Per far questo occorre andare al di là dell’attuale modesto quadro finanziario europeo 2021-2027 e autorizzare con una decisione dei Capi di Stato e di Governo il Consiglio ad adottare un nuovo quadro finanziario 2025-2029 di comune accordo con il nuovo Parlamento europeo eletto a cui riconoscere contestualmente il potere di codecidere sulle entrate.
Occorre poi creare le condizioni di una “unione dell’energia” e una “unione della politica industriale” con particolare riferimento alle PMI secondo le linee direttrici che sono state indicate nel discorso sullo stato dell’Unione da Ursula von der Leyen, anche nell’attuazione di quelle promesse misure di sostegno in chiave solidaristica con la tassazione degli extraprofitti realizzati in questi mesi di crisi da parte dell’Unione da erogarsi immediatamente ai cittadini e alle imprese in difficoltà.
Rientra in questo quadro il tema della autonomia strategica dell’Unione europea e l’obiettivo di una vera e unica politica estera e di sicurezza che includa una difesa comune, rafforzando la linea europea adottata dal 24 febbraio dopo l’aggressione della Russia all’Ucraina, la politica delle sanzioni e l’indipendenza energetica a cui si unisca la ricerca di una pace duratura con l’intervento dell’UE in quanto tale al tavolo del negoziato e la prospettiva di un accordo Helsinki-2 nel quadro di una Conferenza sulla sicurezza e la cooperazione in Europa.
È necessario e urgente dare piena attuazione al piano di azione sociale adottato a Porto nel maggio 2021 come follow up del Pilastro Sociale di Göteborg del 2017, nel quadro di un Social Progressive Protocol, che diventi parte integrante del Trattato di Lisbona e che comprenda una politica di inclusione dei migranti da Paesi terzi al fine di superare la logica dei muri e costruire un’Europa che accoglie e che sia all’altezza dei suoi valori che devono essere rispettati da tutti.
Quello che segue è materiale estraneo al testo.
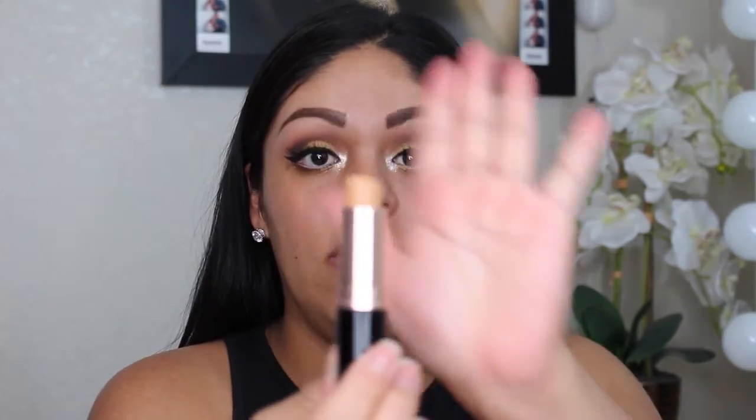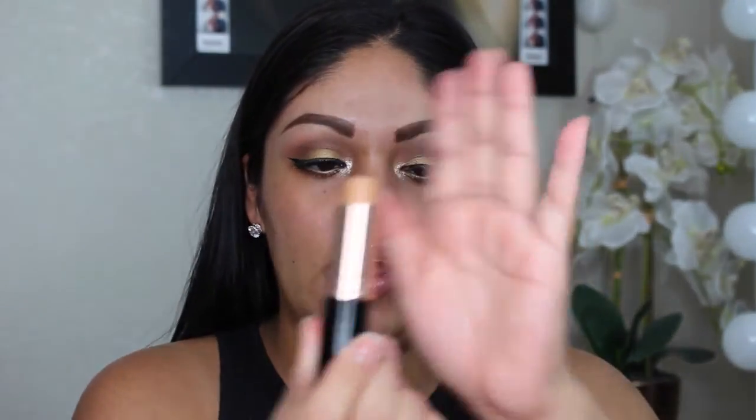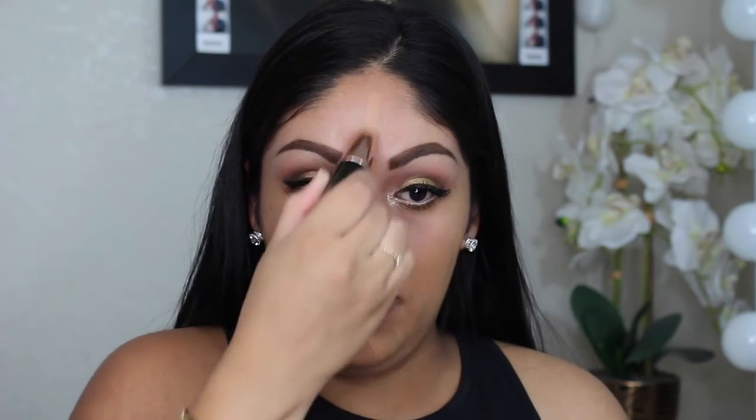I already put my primer on so it's ready to go. You just take the top off and roll it up — as you can tell I've been using it quite a bit because the top is kind of circular now. I just open it and swipe it on my face. At first I thought this color wasn't going to fit me because it looks a little different when I swatch it on my hand, but once I put it on my face it matched perfectly. I just do this one swipe — I don't put any more on — then I get my e.l.f. stippling brush and blend it out.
La quarta priorità è quella della transizione ecologica a partire dagli orientamenti del Green Deal europeo e dalle proposte legislative Fit for 55 per giungere alla carbon neutrality, accelerando i tempi inizialmente previsti al decennio 2030-2040, mettendo l’accento sull’economia circolare e includendo una politica agricola e alimentare sostenibili.
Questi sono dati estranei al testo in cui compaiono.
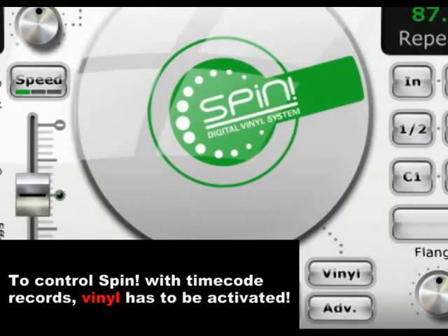The last step necessary to begin your journey to DJ stardom is to activate timecode control within SPIN. Please activate this switch. Now you will be able to control SPIN with the supplied SPIN records and CDs.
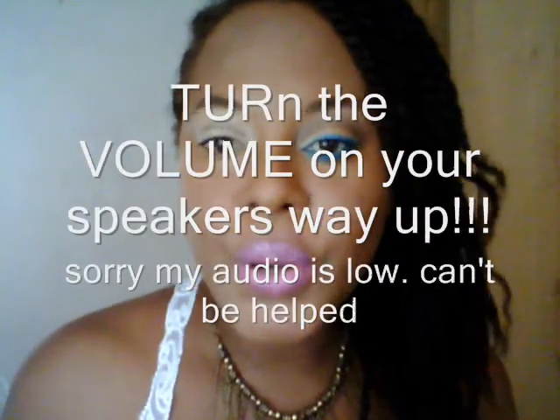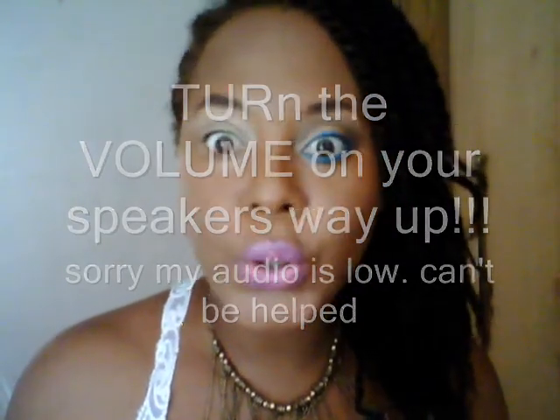Hi guys, I know it's been a while. As usual, I do videos sporadically. Someone sent me a Facebook message saying 'you should do videos,' and since I do videos occasionally, I decided to come back on board and do some videos at least.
Last but not least, la quinta priorità riguarda la difesa dello Stato di diritto e del primato del diritto europeo senza la quale l’azione esterna dell’UE e la lotta alle autocrazie nel mondo perderebbero ogni credibilità.
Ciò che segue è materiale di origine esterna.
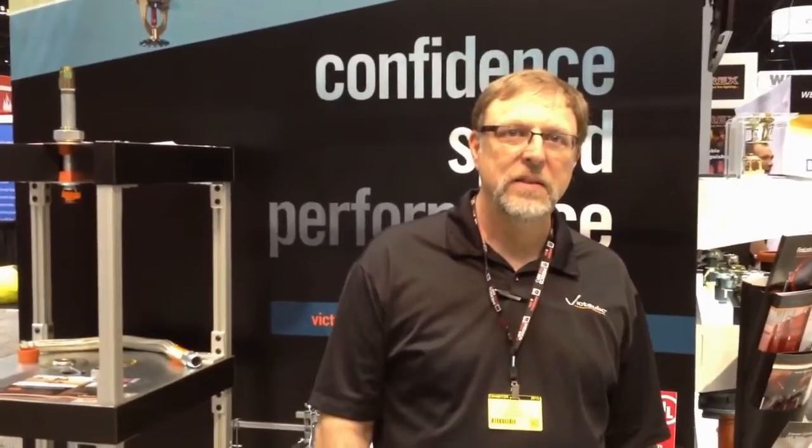Good afternoon everyone. We're with Vic Tolick at booth 253 at the NFPA 2013. We're here with Chuck Oaks and Chuck is going to talk to us for a few minutes about the VicFlex product line.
La piena applicazione dell’art. 7 del Trattato di Lisbona appare in questo spirito essenziale e sarà il segnale inequivocabile della volontà dell’Italia di voler sostenere sul continente europeo i valori di una comunità di destino con i Paesi candidati all’adesione e con gli altri Stati europei.
Noi riteniamo infine che la rete federalista delle elette e degli eletti dovrà agire per cercare in Europa le alleanze necessarie affinché l’obiettivo di un’Europa democratica e solidale, rispettosa dell’ambiente e impegnata alla ricerca e al mantenimento della pace nel mondo passi attraverso l’impegno costituente del prossimo Parlamento europeo eletto per andare al di là del Trattato di Lisbona firmato nel 2007 dando spazio agli strumenti innovativi di democrazia partecipativa della Conferenza sul futuro dell’Europa.